The
Magic Mermaid by Summer Day
As Storm Sunshine opened her
locker, hair dripping wet, she noticed Jack Hunter from the corner of her eye.
He’d arrived early and was going to the gym to practice shooting hoops. He was
talking to his girlfriend Sara Bright. They were hunched in a corner discussing
whatever. Everyone talked about them. Not only was Sara good looking and
brilliant, but, in a school of unusually mismatched couples, Jack was too.

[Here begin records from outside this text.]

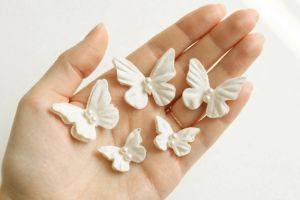 Ръчно изработени пеперуди LITTLE BIRDIE Dreamy Flutter Ivory Pearl – Слонова кост с перли  – 20 бр.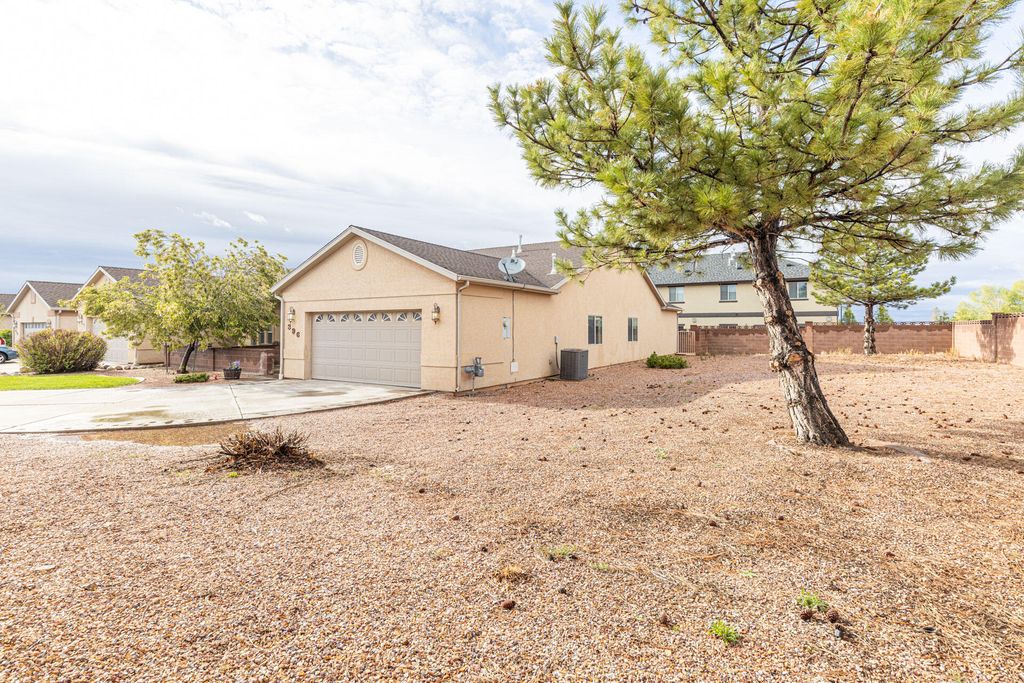Photo of 396 W 1500 N, Cedar City, UT 84721 (MLS # 111222)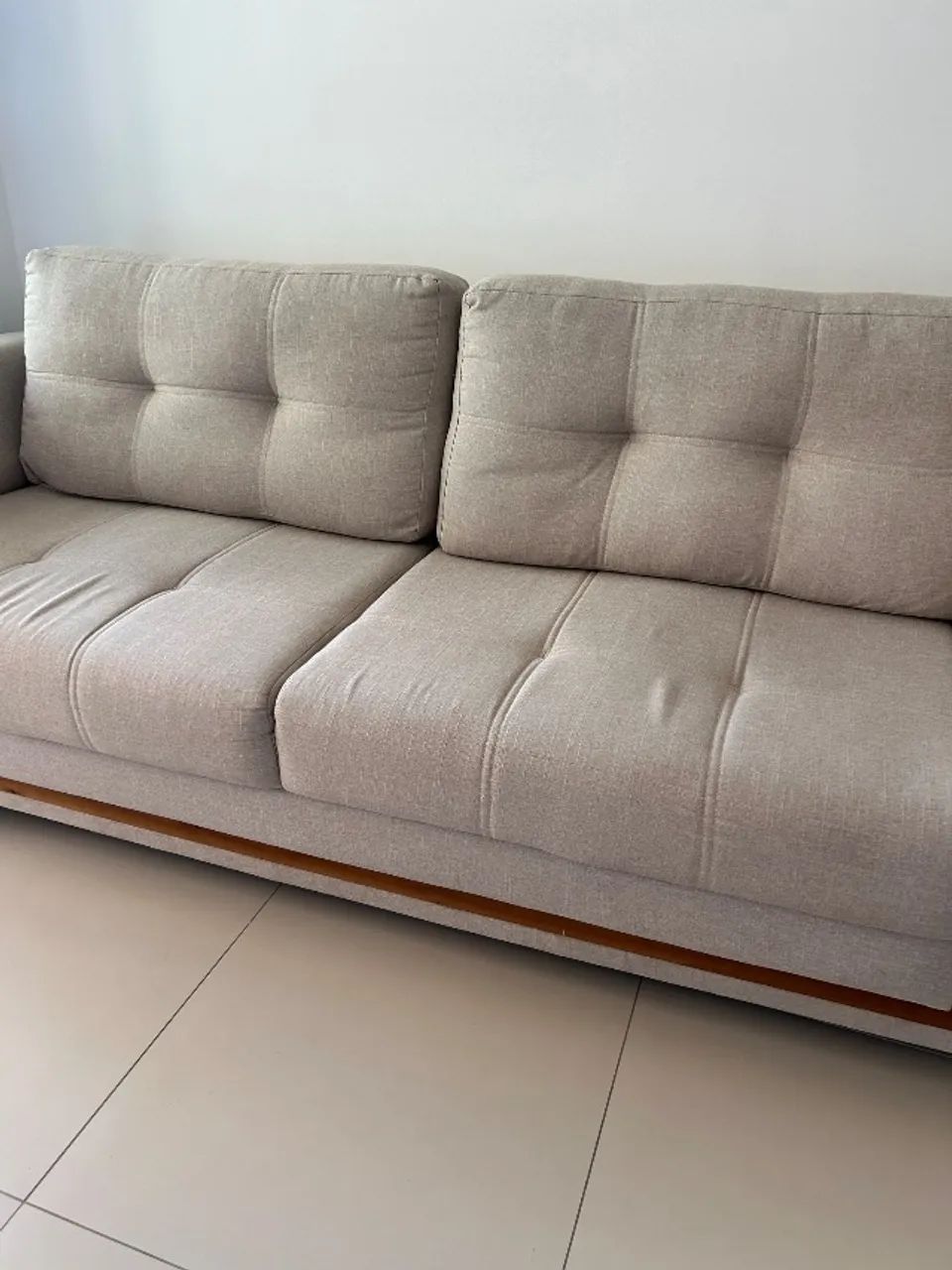 Sofá 4 lugares em  linho muito bem conservado  - Foto 3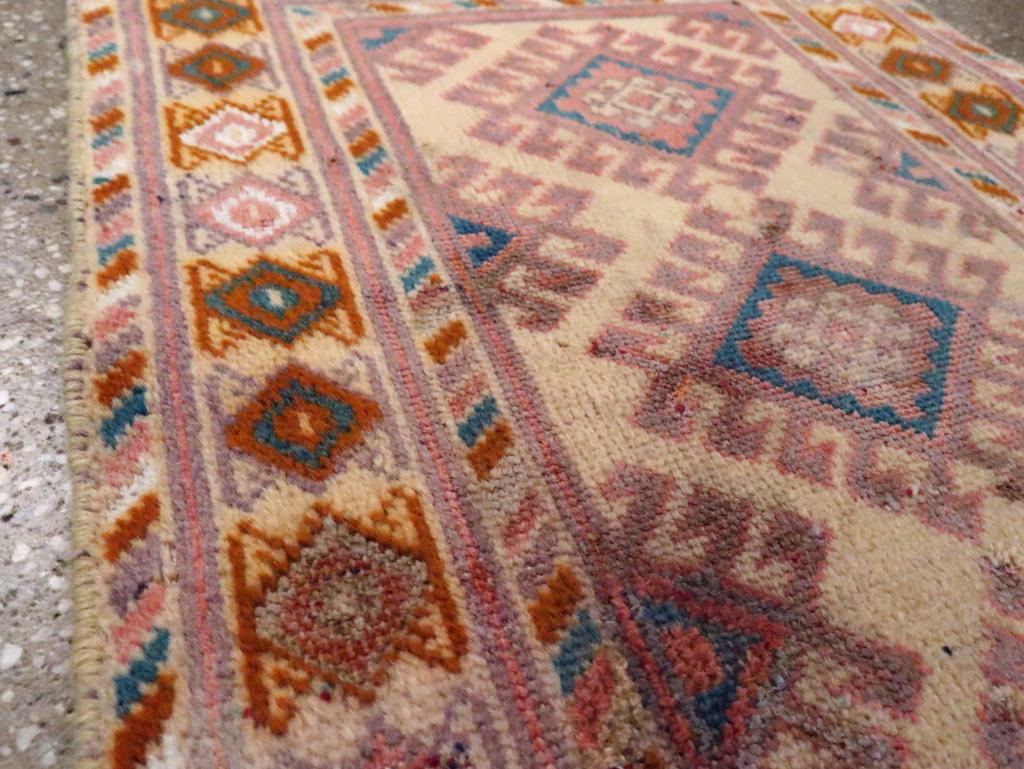 Galerie Shabab Collection Persischer Kurdischer Teppich aus dem frühen 20. (Stammeskunst) im Angebot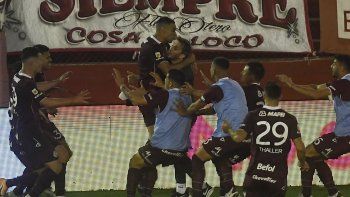 Sand anotó en el último minuto y Lanús es puntero.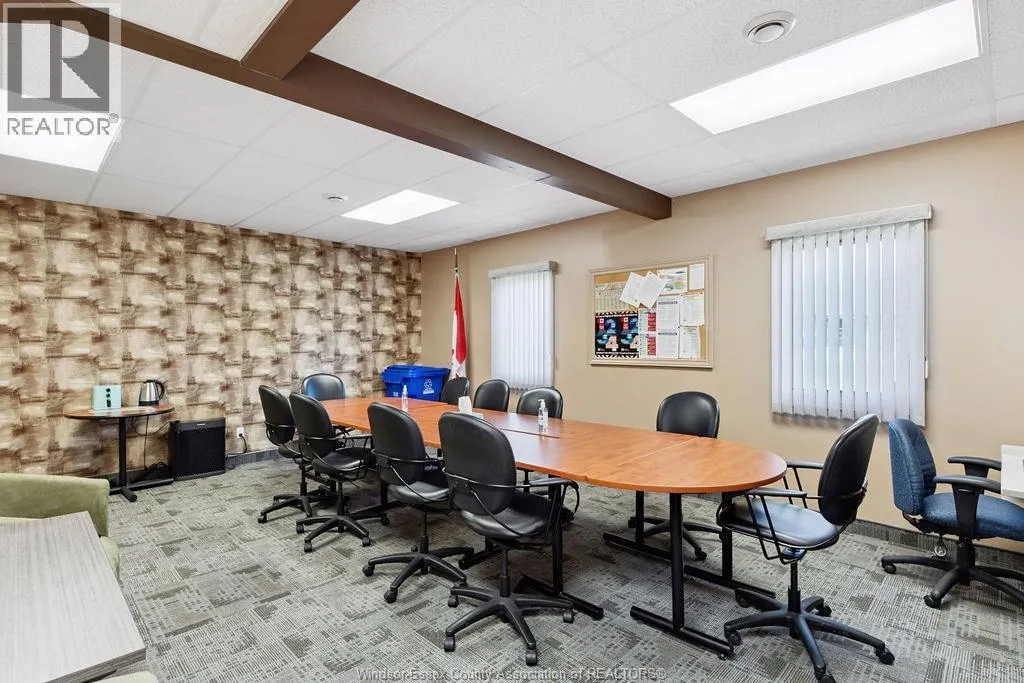 39 MAIDSTONE AVENUE East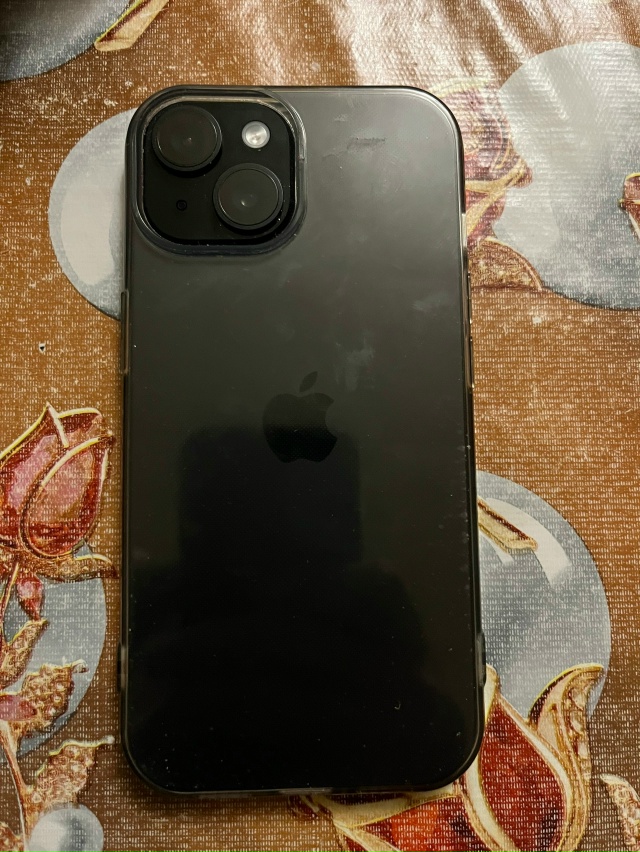 Нашли телефон около мусорки
Ул.Школьный рядом пятёроч...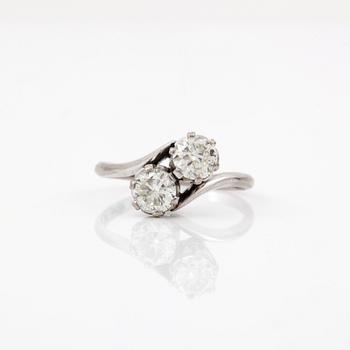 RING, vitguld 18K, två diamanter, tot ca 1 ct, kvalitet ca I-J/SI2-I1, Ekström & Blom, Falköping 1948. Vikt ca 2,5 gram.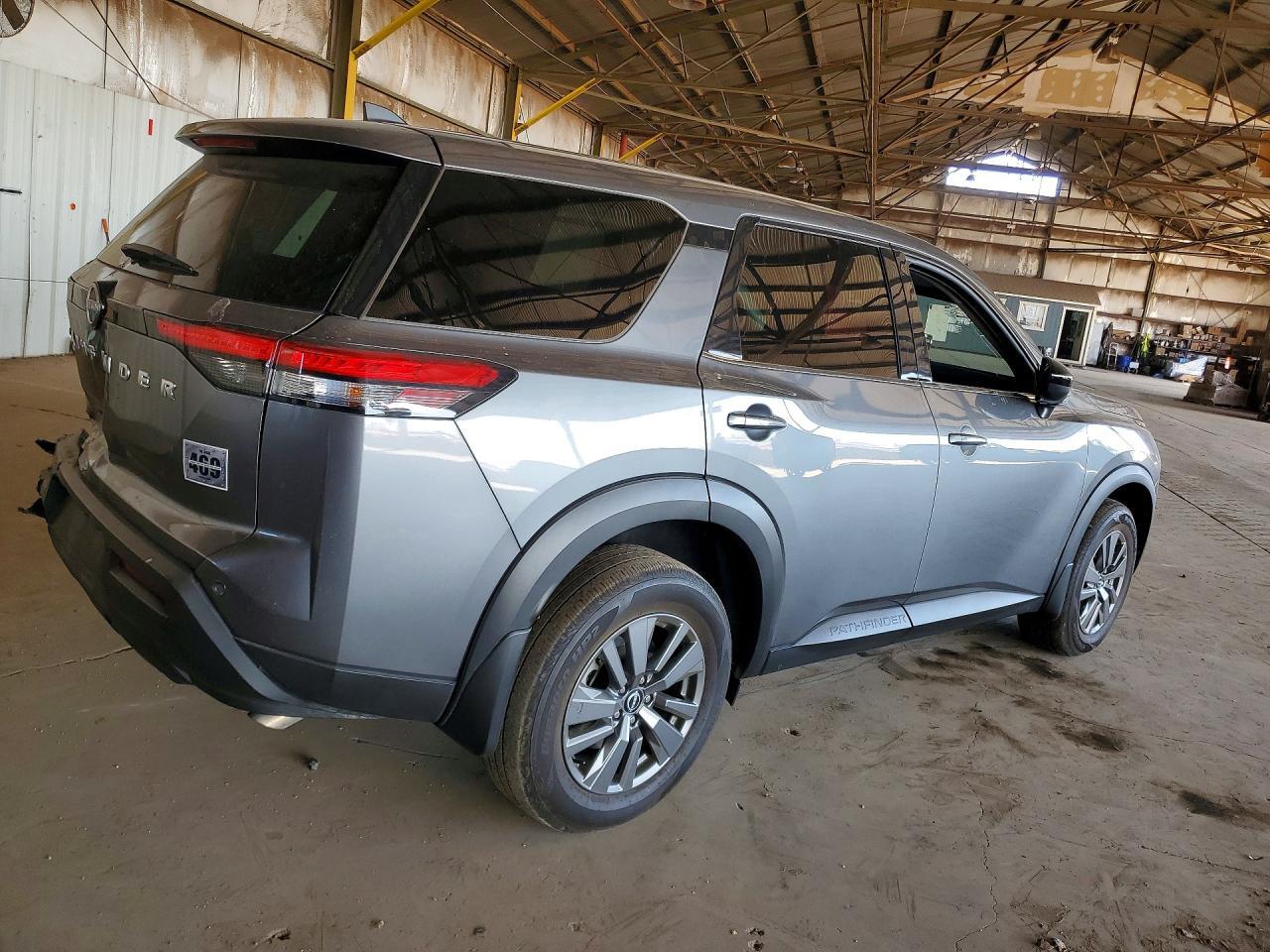 2025 Nissan Pathfinder S - Image 3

Plus, he was the star of the basketball team and an awesome swimmer.
Storm was the new girl. She always seemed to
be the new girl. Storm wished she’d made more of an effort to make friends but
she was always the last person to class, hair soaking, a pool of water staining
the small of her back from her shoulder length hair. The tiny gills at the base
of her neck were only on display underwater. They left a mark during the day
but this was always covered with a thin but fashionable scarf, just in case
anyone noticed.
Queen Bee, Lavinia Snow, once taunted Storm.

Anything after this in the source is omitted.